**What this task involves**
With the pictures left out, write out exactly the lines of the listing below that run from the line with "Boric lidera actualización" through the line with "It's a bit pretentious.".

**Record excerpts**
"""

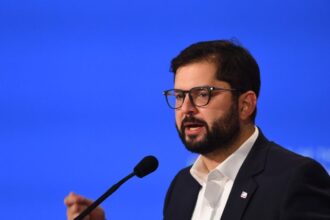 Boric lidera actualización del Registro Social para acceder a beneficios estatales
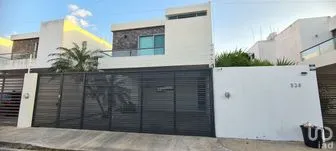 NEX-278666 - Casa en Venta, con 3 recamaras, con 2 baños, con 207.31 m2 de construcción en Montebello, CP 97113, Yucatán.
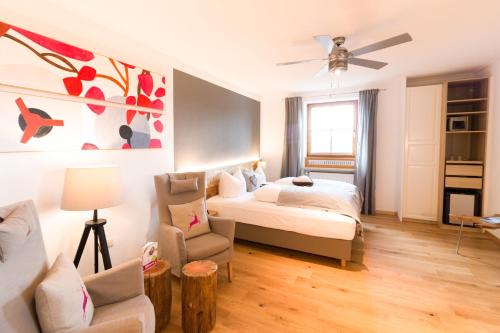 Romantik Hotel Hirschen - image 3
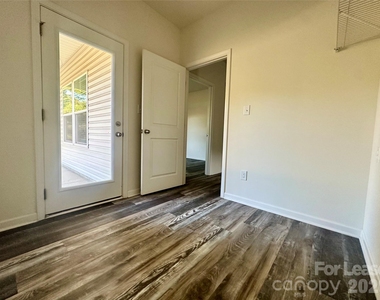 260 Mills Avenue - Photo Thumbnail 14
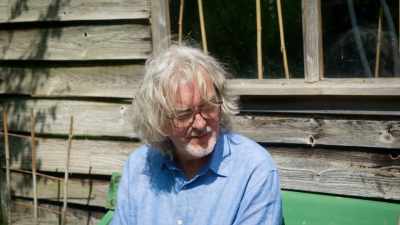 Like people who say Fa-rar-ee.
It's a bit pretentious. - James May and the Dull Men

"""
"""

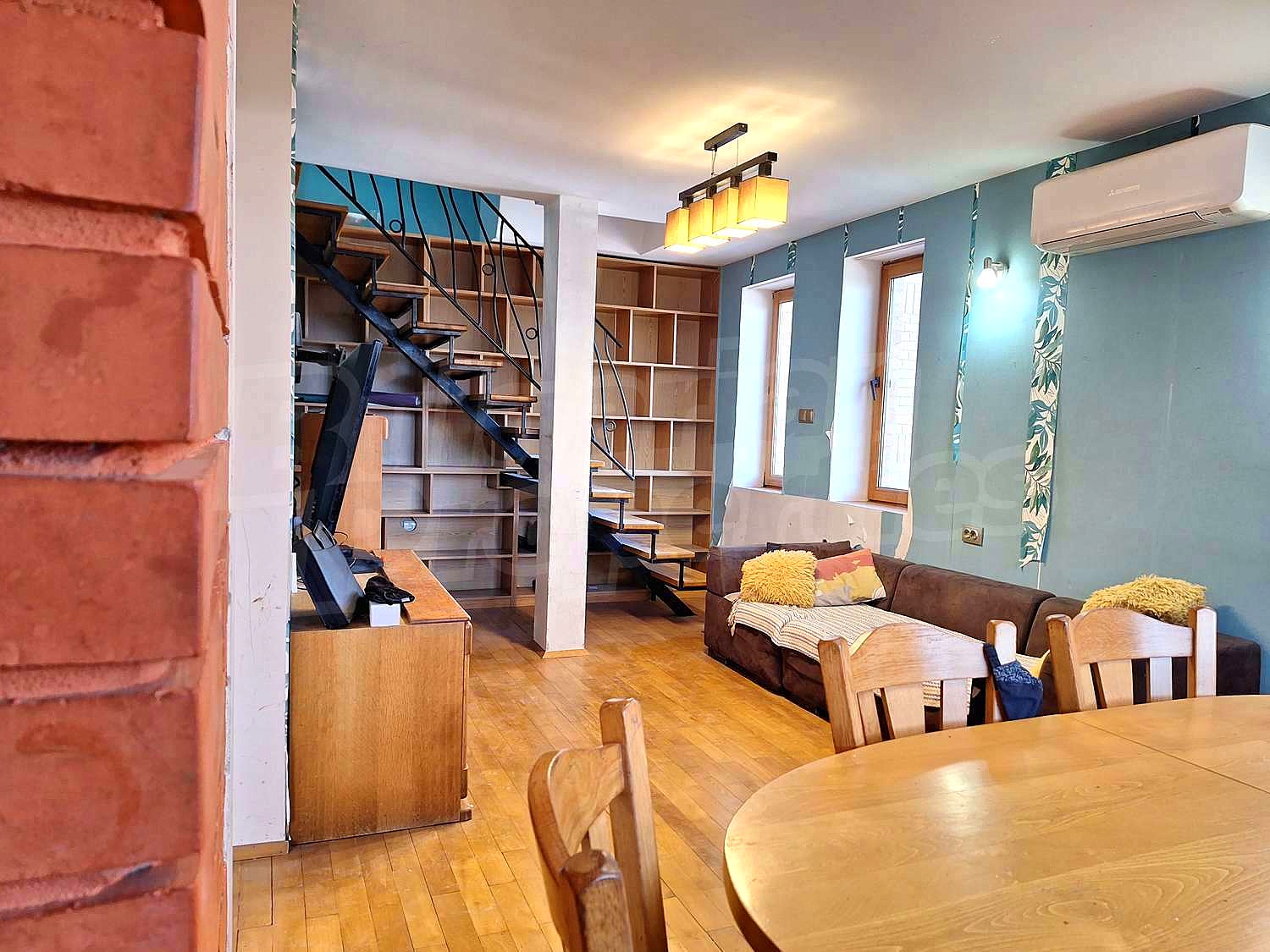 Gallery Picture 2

"""
"""

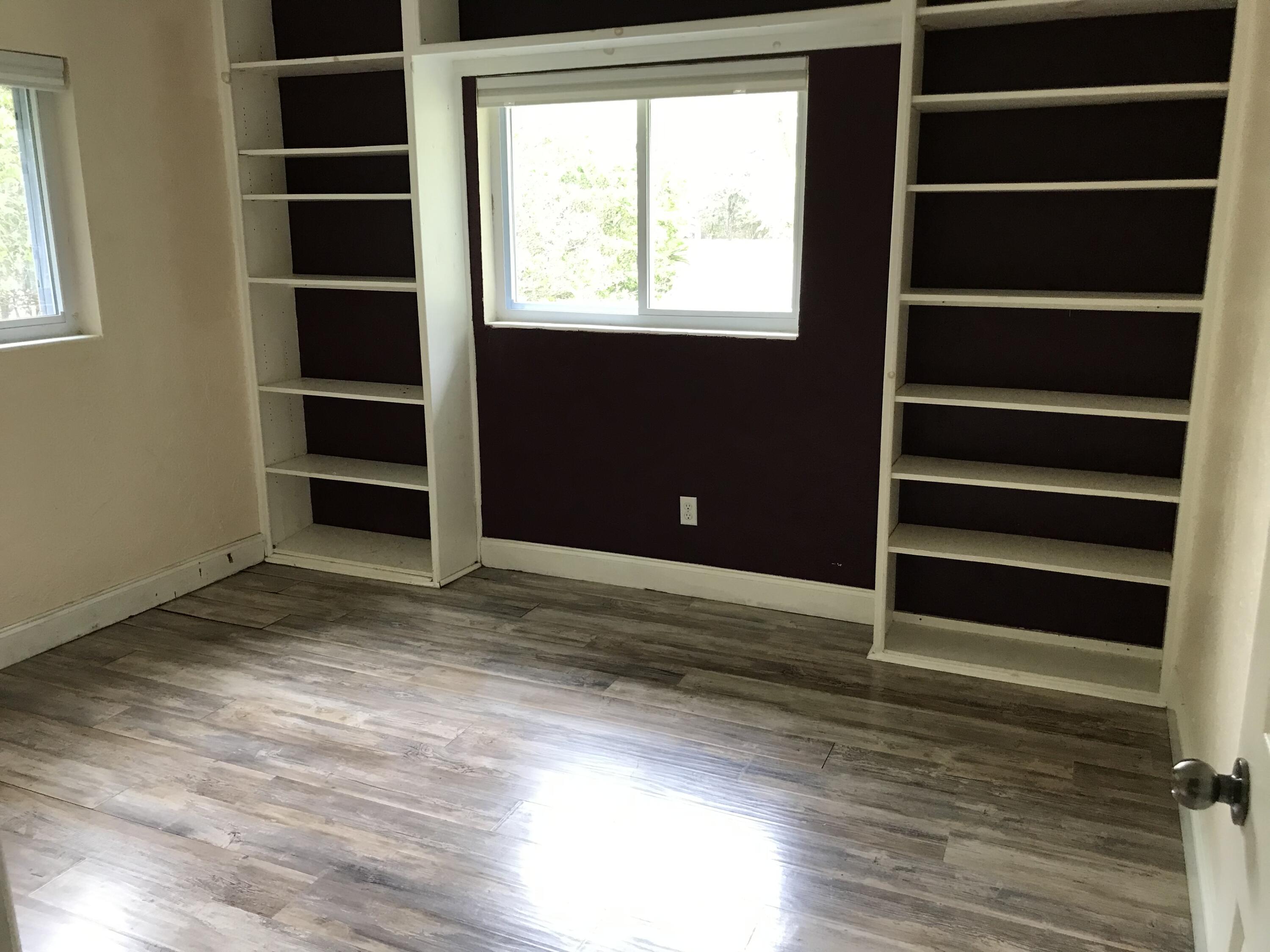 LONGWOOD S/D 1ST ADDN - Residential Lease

"""

**Written response**
 Boric lidera actualización del Registro Social para acceder a beneficios estatales
 NEX-278666 - Casa en Venta, con 3 recamaras, con 2 baños, con 207.31 m2 de construcción en Montebello, CP 97113, Yucatán.
 Romantik Hotel Hirschen - image 3
 260 Mills Avenue - Photo Thumbnail 14
 Like people who say Fa-rar-ee.
It's a bit pretentious. - James May and the Dull Men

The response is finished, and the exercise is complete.